Another possibility would be for the Court to keep the framework for qualified immunity largely intact, but allow or encourage lower courts to consider whether qualified immunity would achieve its intended policy goals in particular cases. It makes no sense for government officials to receive qualified immunity if they are virtually certain to be indemnified, because those officials will suffer no financial consequences of a damages award. It makes no sense to ignore evidence of government officials' subjective intent if such evidence is available when a qualified immunity motion is being decided. And it makes little sense for officials to receive qualified immunity at or after trial, because the doctrine will do nothing to shield officials in these cases from burdens associated with litigation. Encouraging lower courts to take account of this type of evidence when deciding qualified immunity motions would be a first step toward more coherence between the application of qualified immunity and the justifications offered for its existence.
If the Supreme Court continues to issue qualified immunity decisions that ignore evidence about its fundamental flaws, lower courts may need to take matters into their own hands. They have at least two tools at their disposal. First, lower courts can do what Richard Re calls "narrowing from below." Re describes narrowing from below as occurring when a court interprets Supreme Court precedent "reasonably" but "more narrowly than it is best read," and describes narrowing as legitimate when precedent is "ambiguous." Supreme Court qualified immunity decisions are rife with ambiguity, and lower courts can decide to read those ambiguous decisions narrowly. Indeed, Justice Thomas's concurring opinion in Ziglar can even be read as an invitation for lower courts to do so.
Judges additionally have significant discretion to manage qualified immunity litigation practice in their courts and can do so in ways that address some of the concerns I have raised. When defendants file frivolous interlocutory appeals of qualified immunity denials, district courts should certify the appeals as frivolous and refuse to stay the cases. When defendants file non-frivolous interlocutory appeals of qualified immunity denials, circuit courts should make every effort to decide those appeals quickly. District court judges can require pre-motion conferences as part of their individual rules, and can discourage defendants from filing meritless qualified immunity motions that will increase costs and delay. District and circuit courts' rulings on qualified immunity motions can answer whether there was an underlying constitutional violation to assist in the development and articulation of constitutional principles, or explain why they are declining to do so. None of these adjustments strikes qualified immunity to the core, but are small steps that lower courts can take while waiting for the Supreme Court to make things right.

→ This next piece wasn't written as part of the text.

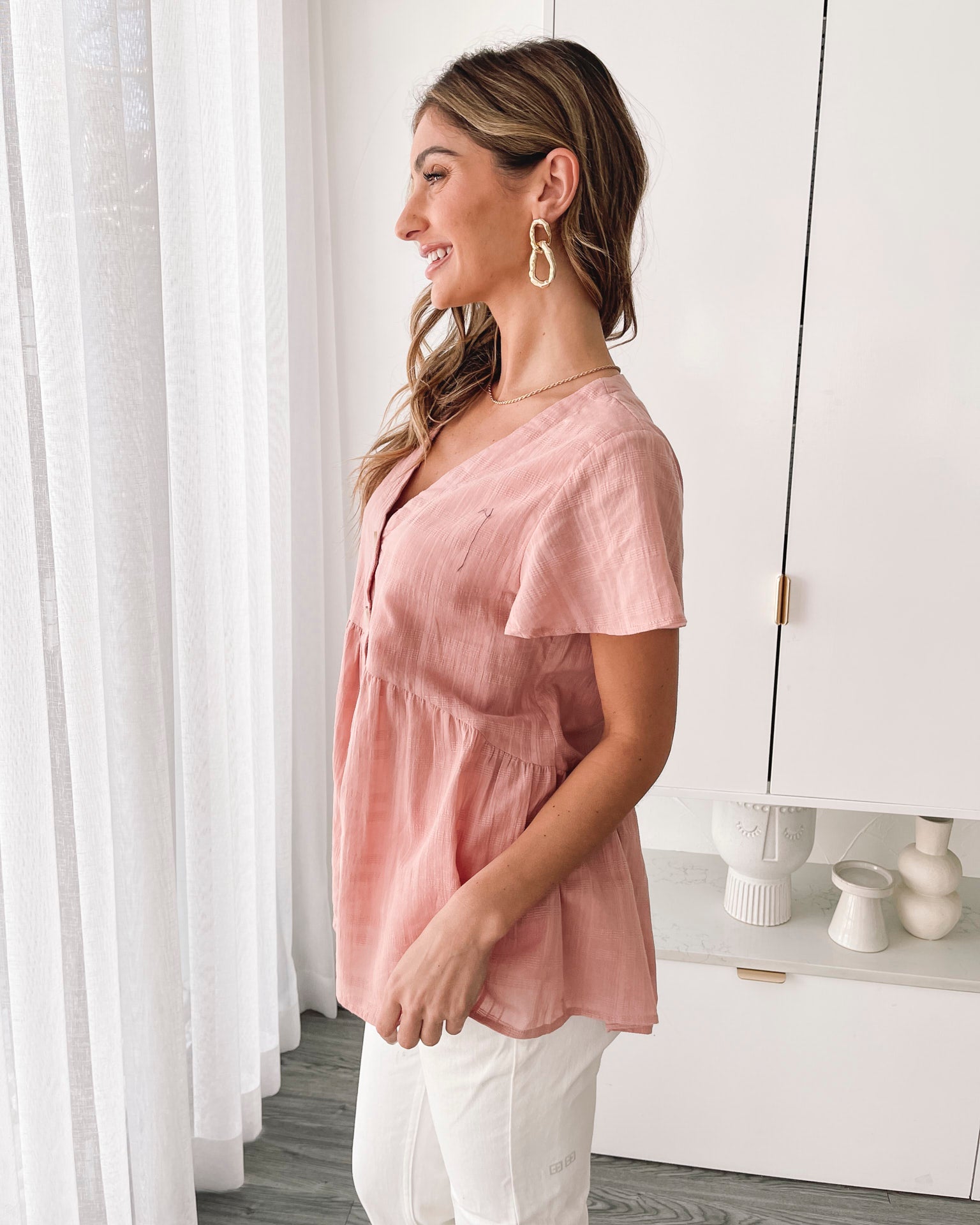 Smiling young woman with long blonde hair wearing a light pink button-up blouse and white shorts, standing indoors next to a white desk and wicker chair, with decorative art pieces in the background.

A few years ago, Justice Kennedy gave a speech in which he observed: "To re-examine your premise is not a sign of weakness of your judicial philosophy. It's a sign of fidelity to your judicial oath." I hope that Justice Kennedy and his colleagues, taking these words to heart, will agree to reexamine the premises underlying qualified immunity. And I hope that, when they do, they take the dramatic action that is compelled by the record.